Solcular “aman sağa vermeyin” lafazanlığı yapar.
Ayni şekilde milliyetçi-sağcılar da gazel okur.
Onlar da “bunlar satacak bizi Rum’a” der.
Hepsi külliyen yalan.
Cumhurbaşkanlığında ideoloji yok.
Halkın da artık ideolojisi yok.
Kimse sağcı diye oy almayacak.
Kimse solcu diye Silihtar’a gitmeyecek.
Bu yüzden bu masala kimse kapılmasın.
Hele ki adaylar.
Sağın toplam oyu şu ben kazanırım diyenler.
Solun oylarını konsolide ederim diyenler.
Bu hesapta iseler şimdiden kaybettiler.
*****
Cumhurbaşkanlığında ürün adayın kendisi.
Partisinin bir önemi yok.
Tıpkı Belediye Başkanlığı gibi.
Halk kişiye bakıyor.
Güven veriyor mu?
Yalan söylüyor mu?
O makamın ciddiyetine haiz mi?
Topluyor, bölüyor, çıkarıyor ve seçiyor.
Yani demem şu;
İdeolojiler söz konusu bile değil.
Halk o makama güvenmek istiyor sadece.
Yani anlaşıldığı gibi iş karmaşık bir iş değil.

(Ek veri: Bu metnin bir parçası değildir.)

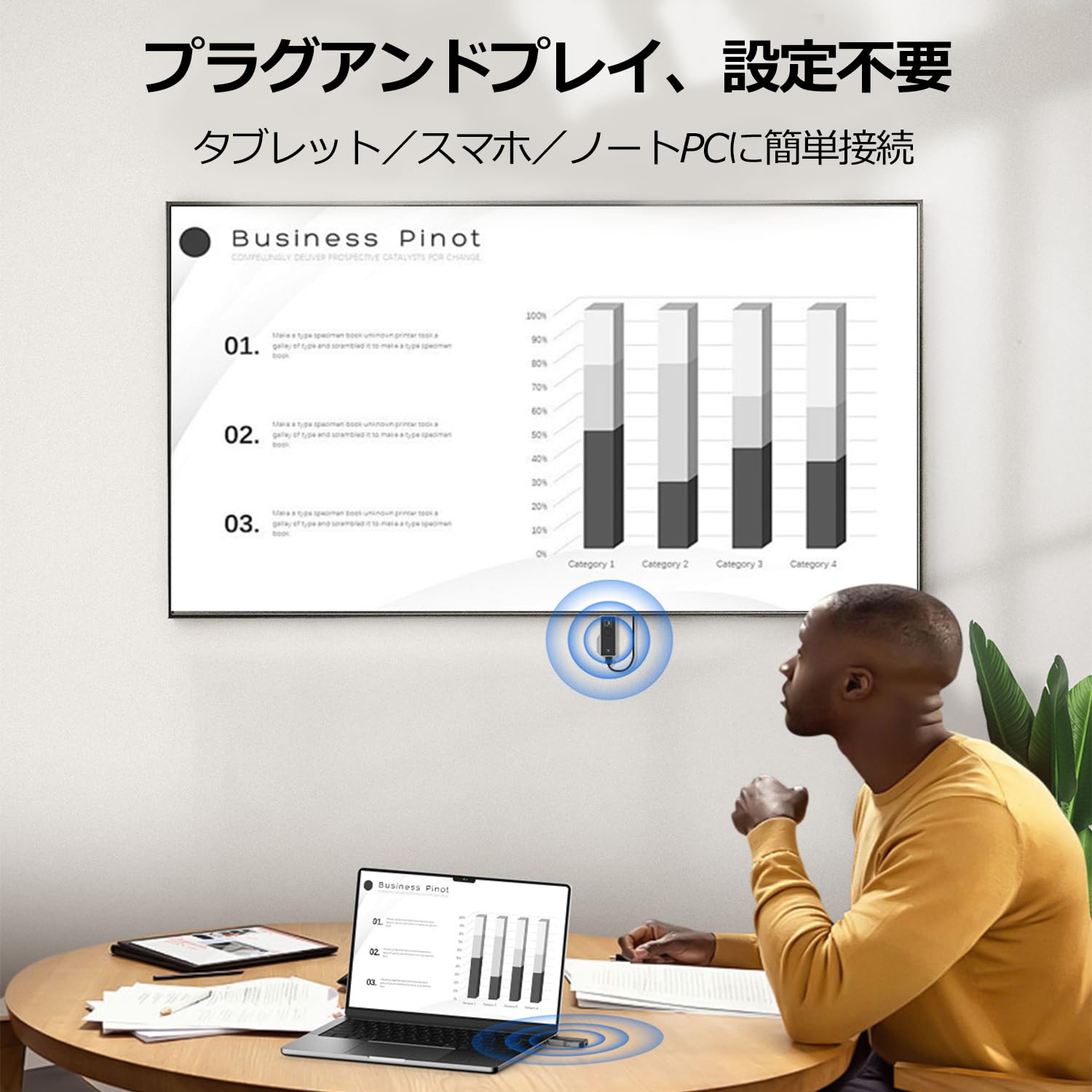 Amazon | HDMI ワイヤレス 無線 hdmi 送受信機セット 0.03s超低遅延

Hikaye de çok teferruatlı değil.
*****
2020 CB seçiminde aktörler belli.
Bu aktörler arasında;
Hırsız varsa, yalancı varsa hayal görmesin.
Unutulmuştur demesin.
Halka yalan söyleyen varsa.
O makama hafif gelen varsa.
Onlar da umut beslemesin.
Çünkü bildik politika CB’de işlemiyor.
Popülist yaklaşım CB’de çalışmıyor.
Bu usuller Milletvekilliğinde.
Bu yüzden vekillik ile CB seçimi ayni değil.
Ayni olmadığından enstrümanları da farklı.
Bunun bilincinde olanlar var mı?
Var.
Bunun bilincinde olmayanlar var mı?
O da var.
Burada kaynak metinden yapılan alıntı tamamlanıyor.